Nowadays I teach Mathematics, a subject where some of the topics are hundreds, even a thousand years old. Some topics we teach in school have not changed in hundreds of years. I think it is important to learn these things in school and learn where we and our culture are coming from to create a brighter future, but there are also a lot of topics coming up that challenge our education. We have to actively take these challenges and prepare our students for the future – and there’s a lot of help out there along the way.
Having spent years working with OneNote in my classroom, I was asked to join the Microsoft Education Summit in Austria, where I presented my use of OneNote in my math classes. I was encouraged in 2013 to apply for the MIE (Microsoft Innovative Educator) Expert program, and I did a small video back then about my use of OneNote and tablet PCs in my math lessons.
Out of 23,000 applicants, I was nominated with 250 others as a Microsoft Innovative Educator. That changed my life completely and, in 2014, got me a place in the Microsoft Global forum (now the Education Exchange) in Barcelona. It was really great to get into this family, as I like to call them. So many splendid educators and teachers from all over the world are willing to share their experiences and connections. The energy is unbelievable.
The year after I was nominated to become an MIE Fellow, after which I held some workshops in Brussels and other events, ultimately getting me a ticket to the Education Exchange in Redmond, in May 2015. It was amazing to be on the Microsoft campus, meeting other MIE Fellows and educators. And there was this one session – Satya Nadella took the place in front of us and talked to us for about 30 minutes, sharing Microsoft’s vision for education. It was another life-changing moment for me, joining my visit to the Kakuma refugee camp, where I teamed up with the best and most inspiring educators from all over the world.

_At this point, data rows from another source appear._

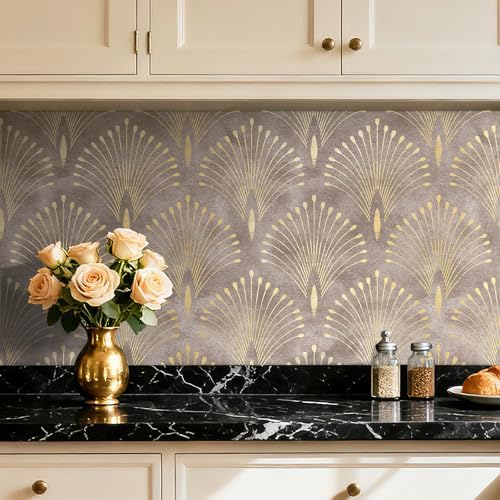 Art Deco Peel and Stick Wallpaper Peacock Feather Geometric Vintage Elegant - Image 7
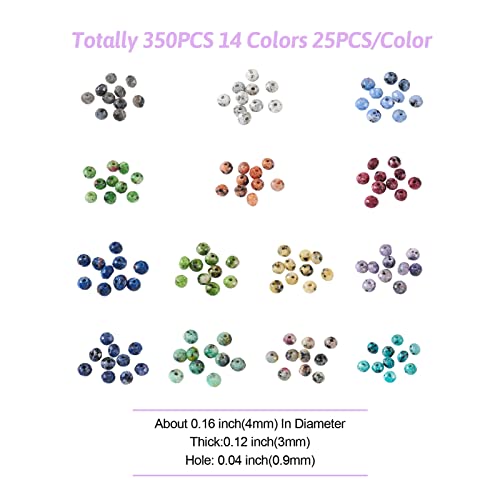 Craftdady 350Pcs Natural Faceted Gemstone Beads 14 Colors Rondelle Jasper Beads Dyed Round Loose Spacer Energy Healing Power Stone Beads for DIY Jewelry Crafts, 4x3mm - color: 14 Colors Sesame Jasper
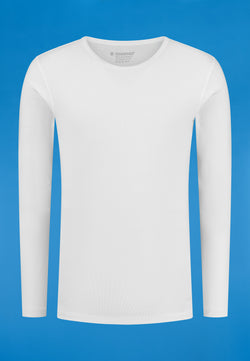SEMI BODYFIT T-shirt O-Neck Longsleeve - White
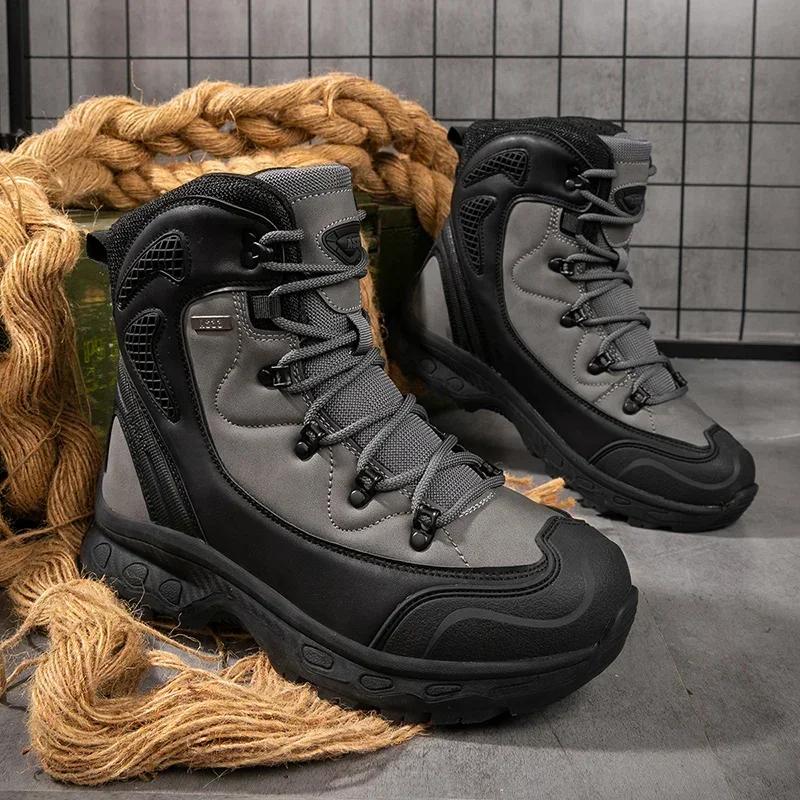 Bottes du désert en cuir pour hommes, respirantes, antidérapantes, imperméables, pour la chasse, la 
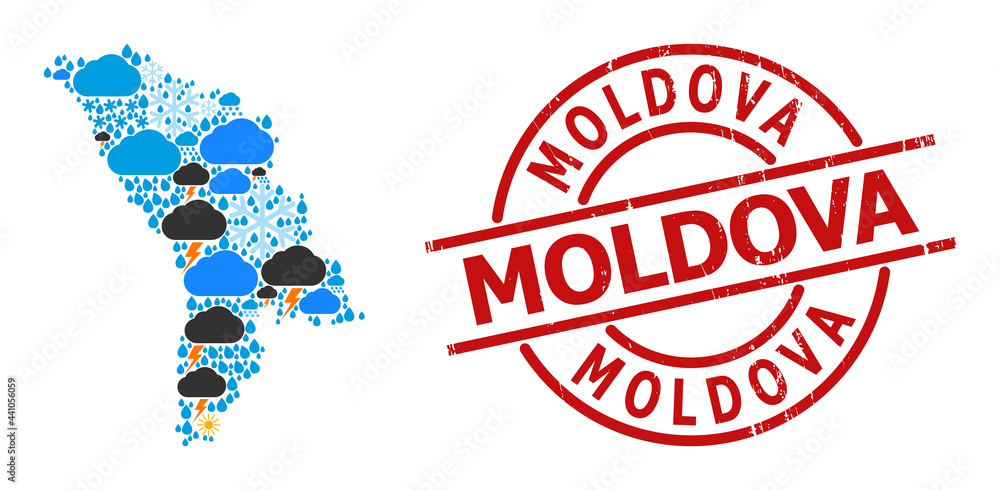 Weather mosaic map of Moldova, and rubber red round badge. Geographic vector mosaic map of Moldova is created from scattered rain, cloud, sun, thunderstorm. Weather mosaic map of Moldova, and rubber red round badge. Geographic vector mosaic map of Moldova is created from scattered rain, cloud, sun, thunderstorm.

I really love to exchange ideas and pass on my knowledge, especially when it helps other educators to see the potential of technology in education. And thanks to social media, I can get in contact with this awesome network of MIE Experts from all over the world.

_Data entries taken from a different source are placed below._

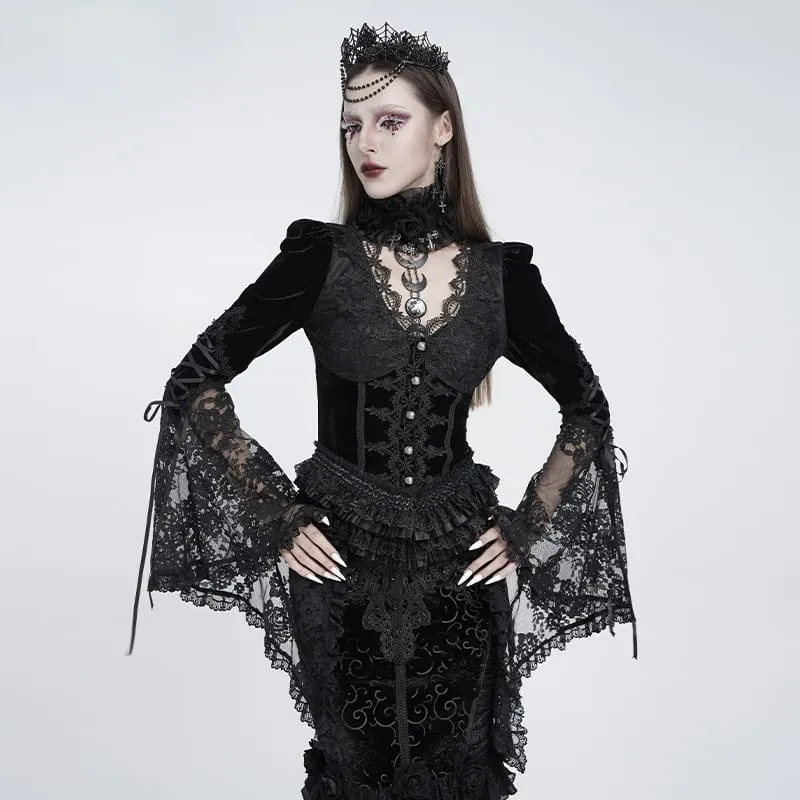 Schwarze Gothic-Bluse für Damen mit tiefem V-Ausschnitt, Schnürung, floraler Spitze und ausgestellten Ärmeln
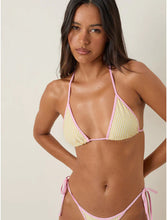 Load image into Gallery viewer, Pami Bikini Top In Yellow Stripe With Pink Gingham Binding
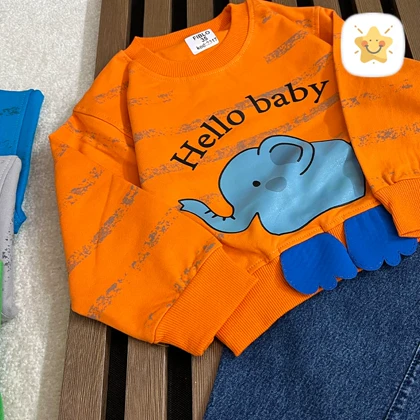 بلوز شلوار جین پسرانه کیفیت عالی برند FIBILO طرح فیل مناسب 1 تا 4 سال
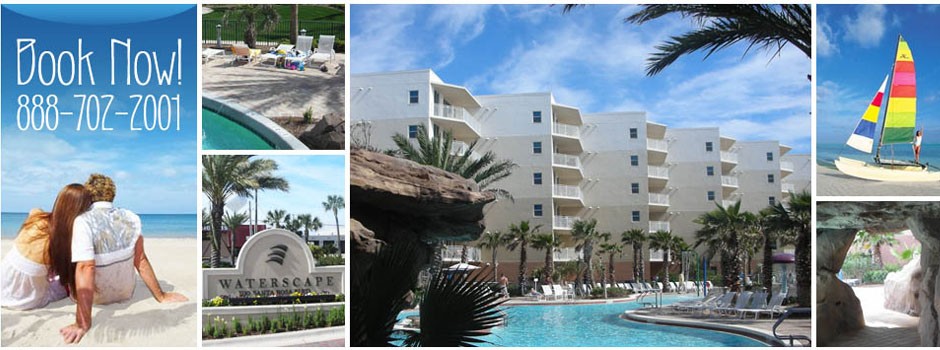 Waterscape Resort of Fort Walton Beach courtyard and pools on Okaloosa Island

When it comes to teaching with technology at hand, a lot of topics are already perfectly laid out, perfectly prepared for our students out there. There are tons of free, high quality learning resources out there, all at your fingertips. If my students don’t understand my explanation for solving a quadratic equation, there’s another one out there.
Tech is certainly an accelerator, but for me it is important in how it shifts the how and the what of what we teach. In mathematics, we have technology that can solve equations with greater accuracy, but it is the human brain (and heart) that has to get behind the simple steps of a solution that lead into bigger things and the mathematical concepts behind them. And that’s where an educator steps in, to have a conversation about skills and concepts.
That’s why we as educators have to shift from teaching students in subjects, to teaching students in skills. I dream of a school where we do not have subjects like math, science or history. Instead, I envision topics like collaboration, creativity, communication and critical thinking. I see us making use of technology and tools to bringing groups of educators and students together and creating a bright future.
Kurt is currently working on the #HackOneNote Project , where he wants to establish a community of educators to create free, interactive and multimedia learning resources based on OneNote. Kurt also supports Project Kakuma, which strives to offer free education to African refugees via Skype.